Nicholas was thus "shocked" to receive a "Final Warning" memo, dated December 7, 2012, from Ryan Schneider, Wyndham's Vice-President of Operations. (SAC ¶ 19, SAC Ex. A.) The memo, while acknowledging Nicholas's competence in running the hotel's operations and finances, reported that "multiple sources" had expressed dissatisfaction with Nicholas's management and communication style, calling him a "bully" and complaining about his tendency to use profanity and to yell at people in public. It also faulted Nicholas for failing to adhere to company policies, including by failing to follow basic accounting guidelines and by hiring an individual as an independent contractor without authorization. It warned Nicholas that failure to improve his "behavior, communication, and adherence to company policies and procedures" could result in termination of his employment.

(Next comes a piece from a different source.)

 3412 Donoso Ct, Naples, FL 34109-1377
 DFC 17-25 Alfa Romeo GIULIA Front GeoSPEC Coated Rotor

Nicholas answered Schneider in a December 21, 2012 memo, denying most of the allegations in the "Final Warning" and complaining that Schneider's investigation was not transparent. (SAC ¶ 23, SAC Ex. B.) He wrote that he was "at a bit of a loss to understand" how TRYP's improvements "in productivity, morale, Trip Advisor Rankings, ownership satisfaction and financial results" "could have been achieved if the environment described in [Schneider's] memo exist[ed]." He also wrote that the accusations against him conflicted with the reports of TRYP employee team building sessions recorded by the human resources department.

Another team building session was held in March 2013. (SAC ¶ 25.) Nicholas did not attend, in order to encourage open discussion among employees. The report of the session, compiled by the Director of Human Resources, contains no complaints about Nicholas. (SAC Ex. C.)

Nicholas was then "again shocked" to receive a second memo, dated April 24, 2013 and labeled "Last Chance Warning, " this time from Scott Marn, another Wyndham executive.[2] (SAC ¶ 26, SAC Ex. D.) The memo reported that two members of Nicholas's management team had requested transfers, complaining of an inability to work with Nicholas. It gave examples of Nicholas's "Rude, Insensitive, Aggressive and Retaliatory Behavior, " and of "Demeaning, Confrontational and Threatening Behavior." It warned: "Further confirmed reports of the behavior or actions by you, described herein, will result in immediate termination of your employment."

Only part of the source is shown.